Superman: Friends and Foes!
- Language: English
- Genre: Superhero Children's literature
- Set in: Metropolis, Delaware, DC Universe
- Publisher: Penguin Random House
- Publication date: June 3, 2025
- Publication place: United States
- Media type: Print
- Pages: 24
- ISBN: 9798217027118

= Superman: Friends and Foes! =

2025 children's movie tie-in book

Superman: Friends and Foes! is a children's book which was published prior to the release of the 2025 film Superman as promotional material. The book was noted as the first media to reveal the identity of Joey Mason, a character from the film who is Metamorpho's son, as well as provided an early look at an original villain in the film, the Hammer of Boravia.

==Premise==
The book introduces several characters from the film Superman to its readers, providing pictures of the characters and a small amount of information about them.

==Publication history==
Superman: Friends and Foes was published in early June 2025, one month before the film it ties into.

==Reception==
The majority of the response to the book was centered around the reveal of the identity of a baby who was seen in the trailer for Superman as Joey Mason, the son of Metamorpho.
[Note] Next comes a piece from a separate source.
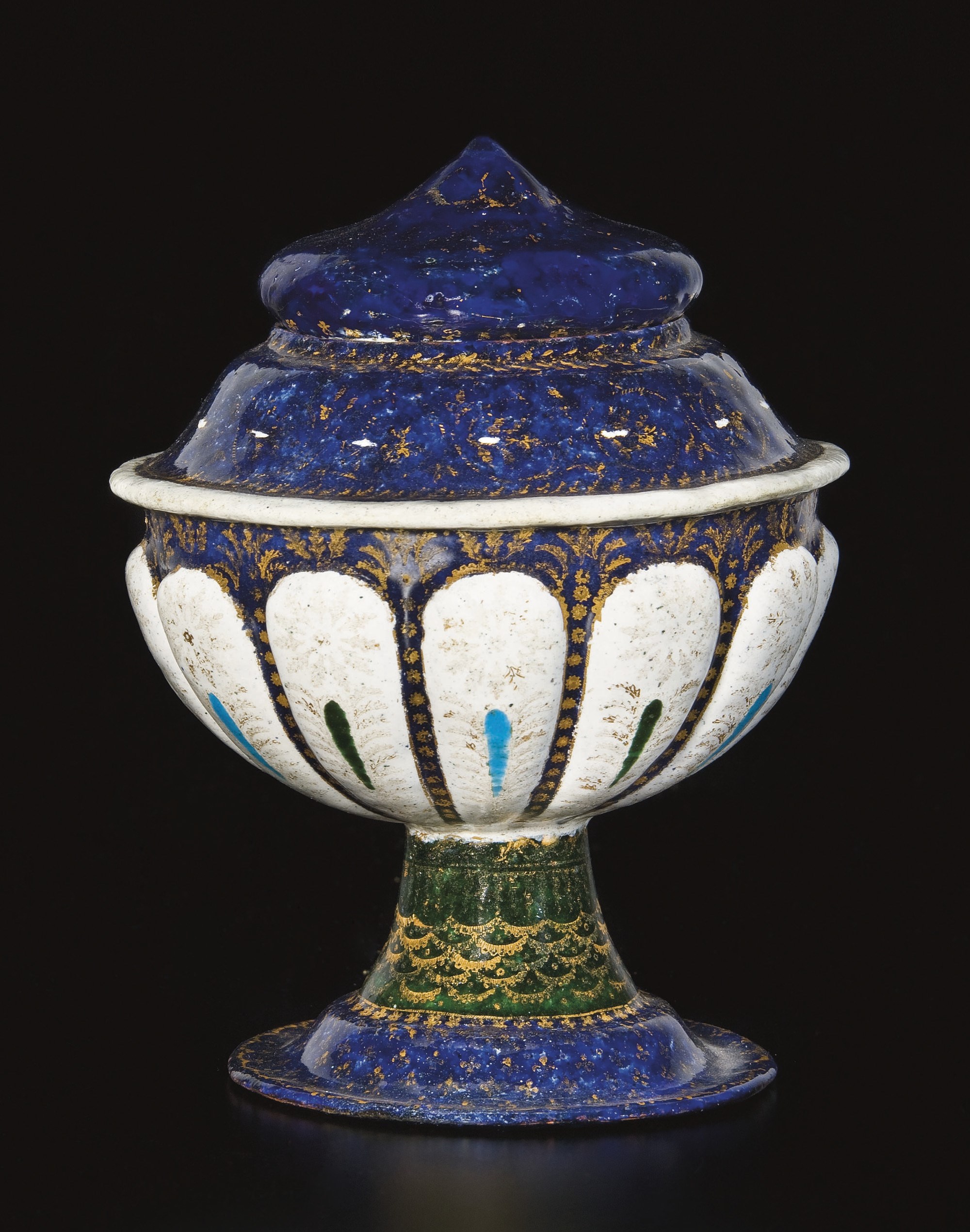 COUPE COUVERTE EN EMAIL PEINT POLYCHROME PARTIELLEMENT DORE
IGN Portugal noted that James Gunn himself had not shared anything about Joey, making the book the first time the character's identity was revealed. It also gave a brief description of Joey's role in the film. Although IGN Portugal referred to the book as an unofficial source, they still considered the information within it to be official. Shashank Shakya of Beebom.com noted the vagueness of Joey's entry, not elaborating on things such as how Lex Luthor managed to get Joey. Shakya speculated that the book was indicating Joey would be a significant part of getting Metamorpho to side with Superman against Luthor. The Direct referred to the reveal as a spoiler, noting that Metamorpho's role in the film was largely being kept quiet as one of the biggest mysteries prior to the film's release. Their speculation was similar to Shakya's, also noting that Joey might have superpowers to rival his father. In contrast, IGN did not feel the book provided a lot of information, although they felt it made sense given the brief shots of Joey in the trailer.